Jamsetji's other great dream was a science college, which came to fruition after his death as the Indian Institute of Sciences in Bangalore, one of the country's foremost centres of learning. His philanthropic principles still inform the Tata Group today: it is 66 per cent owned by charitable trusts, which spent $379m (£193m) on social causes in 2003-4. Tata even claims to have saved a rare breed of Ganges fish, the mahseer, from extinction with a breeding programme it funded.
But if its founder was a nationalist, the Tata Group went through dark days in the years after Indian independence. Tata Airlines was nationalised and taken away from the company, as was its insurance business, as India plunged into years of socialism that turned it into an economic basket-case.
Ratan Tata took over the chairman's role at a moment of great opportunity, as India finally liberalised its economy, but he decided the company needed to be modernised. He cut work forces and set performance targets. He may have made the company less patriarchal - although the redundancy packages were hardly brutal - but he made it competitive as well.
When Mr Tata bought Tetley Tea for $435m in 2000, it was the biggest deal in Indian history. That's a record he has easily demolished with yesterday's £5.75bn takeover deal for Corus.
The group he has set about building is still heavily influenced by the industries that captivated Jamsetji. As well as steel, Tata runs the Taj group of hotels, as well as managing some famous hotels such as the Pierre under their original names. But Mr Tata has also pursued his own interests, in particular his dream of building a car that would be affordable to millions of Indians who cannot buy new cars at today's prices: the 100,000 rupee-car (£1,150), which he has designed himself.
For all its much-vaunted charitable work and worker relations, Tata has not been free of controversy. Last year, 12 people were killed when police opened fire on a tribal group protesting against plans for a Tata Steel plant on their land in the eastern state of Orissa. The indigenous tribal people said the state government was selling off their land and keeping the profits for itself.
And a similar dispute erupted this year in West Bengal, where Tata is trying to build a car factory at Singur. Local villagers are objecting to the government's compulsory purchase of their land. They have won the support of local political parties and activists from all over India, and protests have turned violent with police firing tear gas and baton-charging protestors.
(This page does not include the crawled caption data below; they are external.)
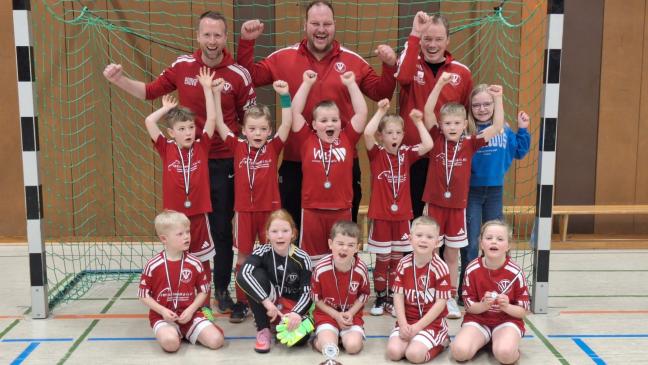 Bunder G-Jugend gewinnt Turnier in Papenburg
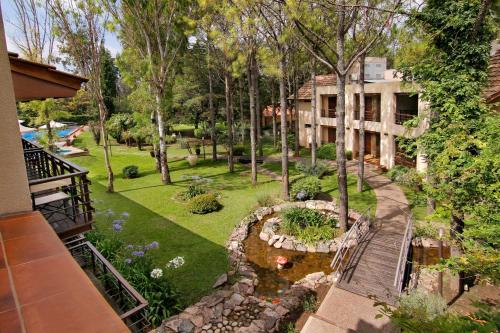 an aerial view of a backyard with a garden at Hotel Blumig in Villa General Belgrano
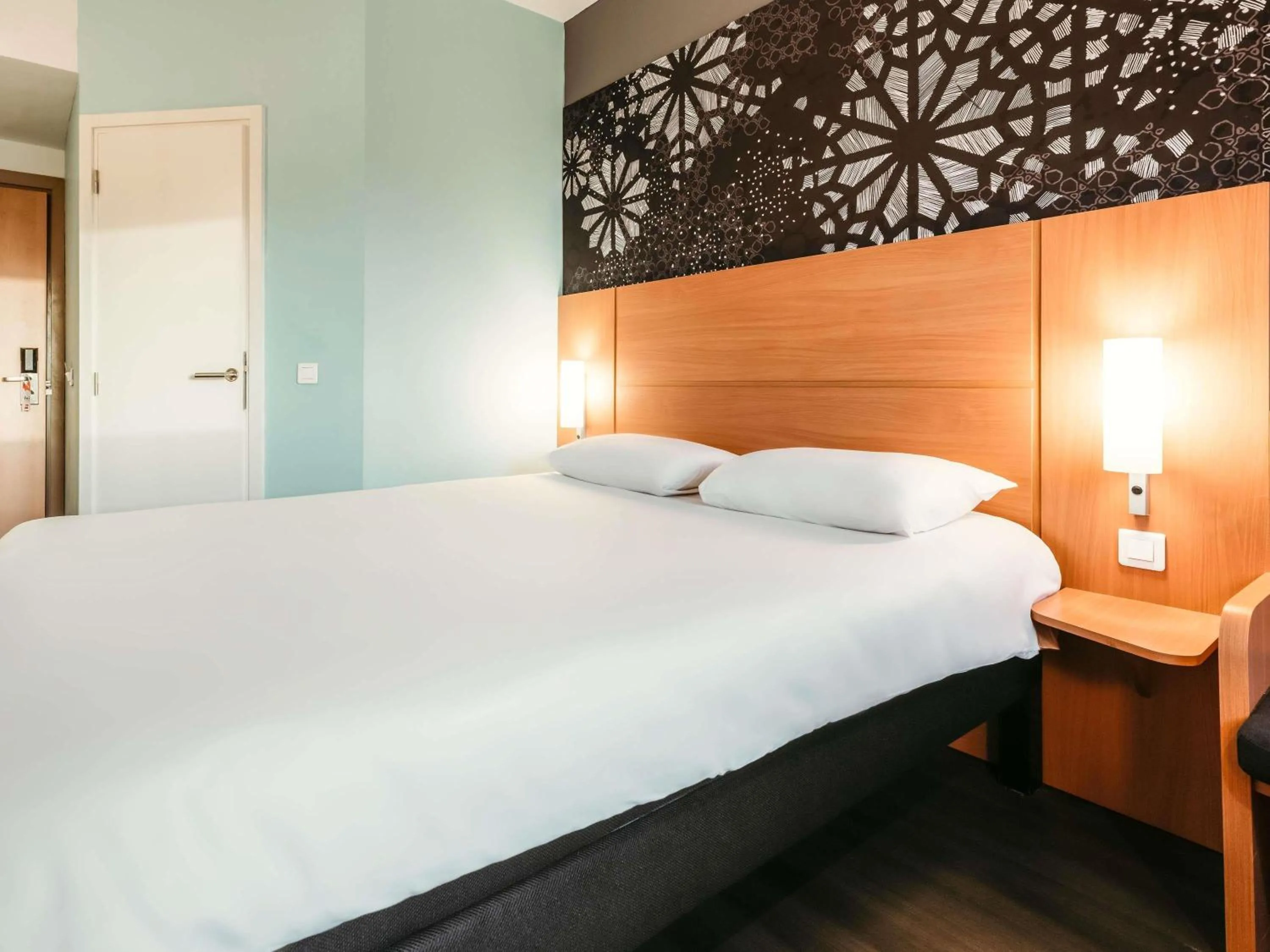 Bedroom, Bed in Ibis Casanearshore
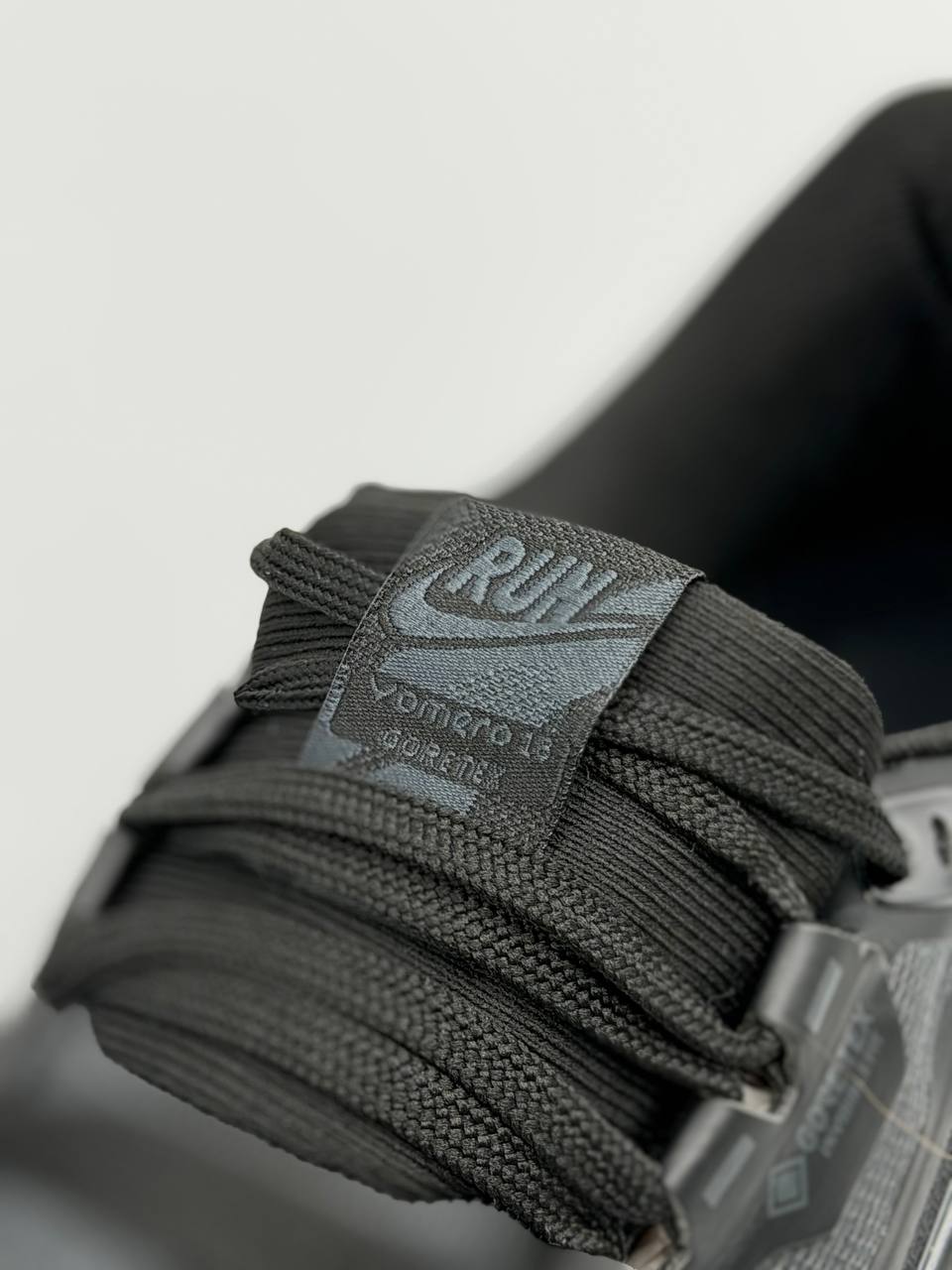 Nike Vomero 18 GTX  | Negro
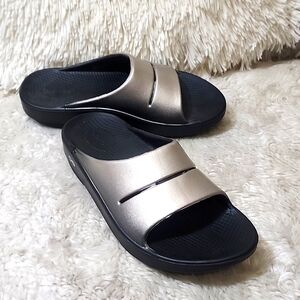 Oofos Women's Metallic Slide Sandals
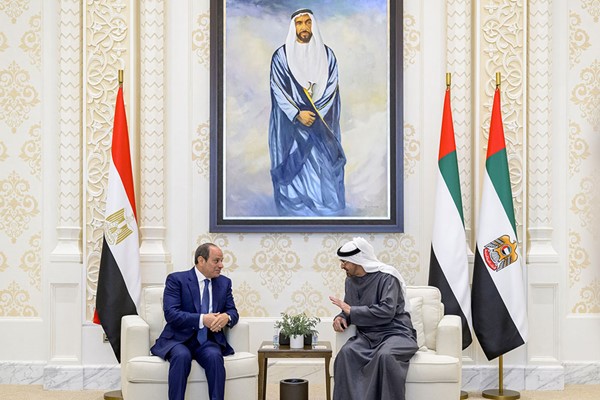 السيسي يبحث مع رئيس الإمارات وأمير قطر التطورات الإقليمية ويجدد إدانة الاعتداءات الإيرانية التي تتعرض لها الدول العربية الشقيقة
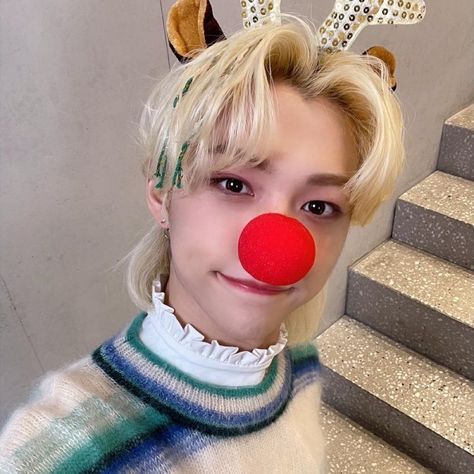 Straykids Christmas Icons, Reindeer Noses, Chan's Room, Young Forever, Winter Wallpaper, Christmas Icons, Kids Icon, Felix Stray Kids, Kids Wallpaper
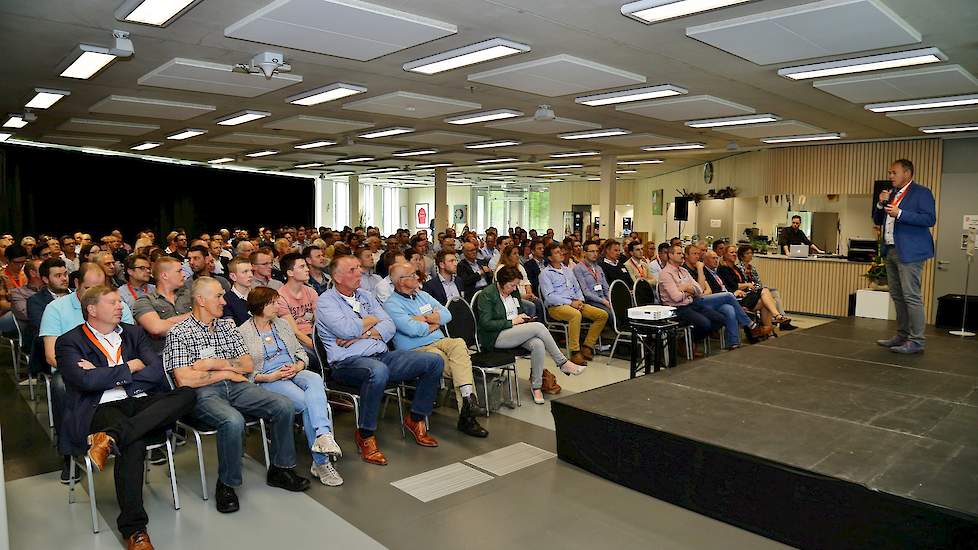 Na de pauze kwamen alle ruim 250 bezoekers bijeen in de grote zaal.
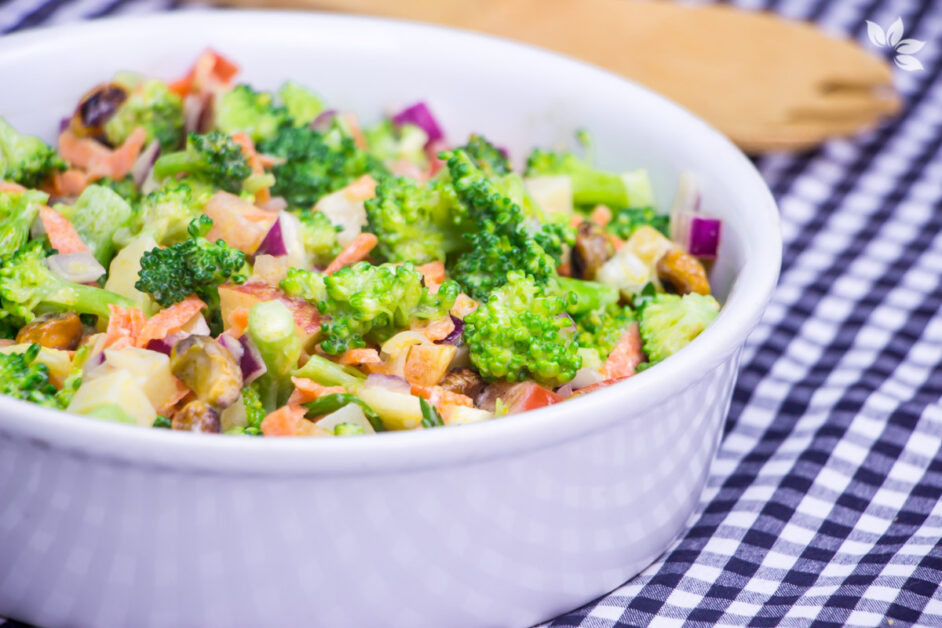 Salada de Brócolis com Bacon Crocante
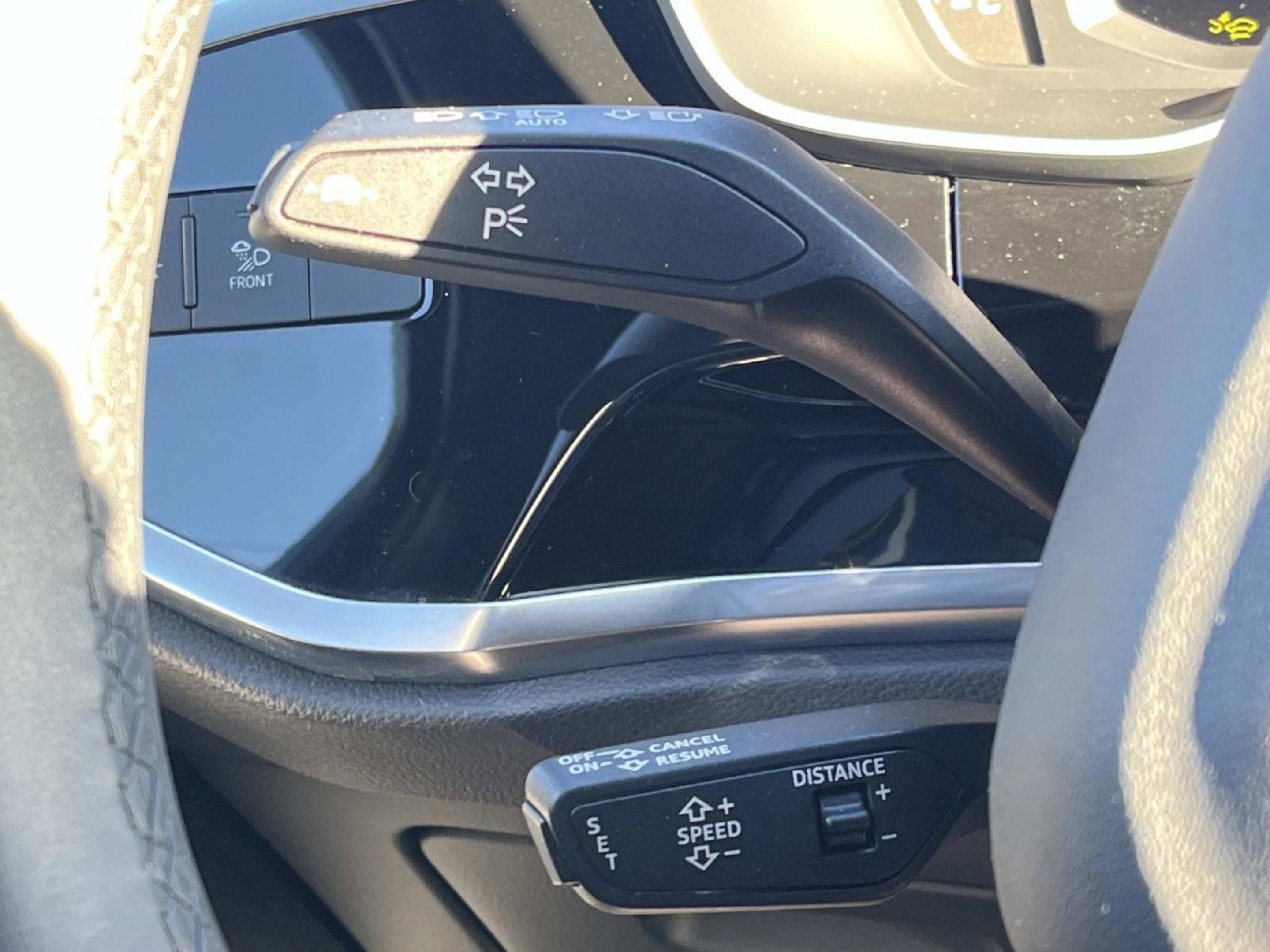 Used 2025 Audi Q3 2.0T Premium image 39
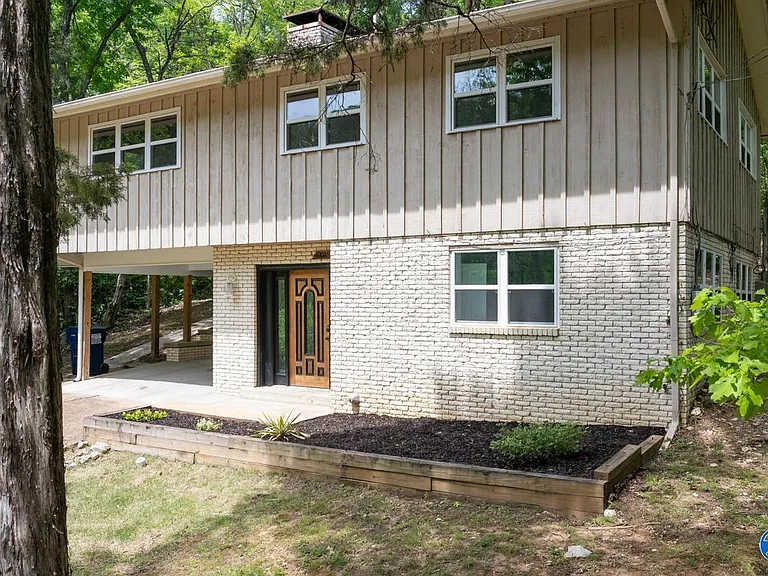 10038 Torino Dr SE — Photo 34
The company's future seems secure, but the same cannot necessarily be said of the Tata family. In a twist that curiously mirrors the fate of the Parsee people, Mr Tata, who has never married, has no direct heir.
The Parsees are dying out. They may be one of the richest and most powerful communities in India, but the Parsees may have little time left. Forbidden by their priests from marrying outside the community, their numbers are dwindling fast. The children of Parsees who marry outsiders are not recognised as Parsees, and it is predicted the community could soon be extinct.
There are other Tata family members who could take over from Mr Tata, who has hinted he may step down soon. But he has also said his successor need not necessarily bear the Tata family name. Either way, Jamsetji's vision appears to be coming to fruition, even if it was delayed by post-independence socialism. India is emerging as a global power, and steel is at the heart of its emergence.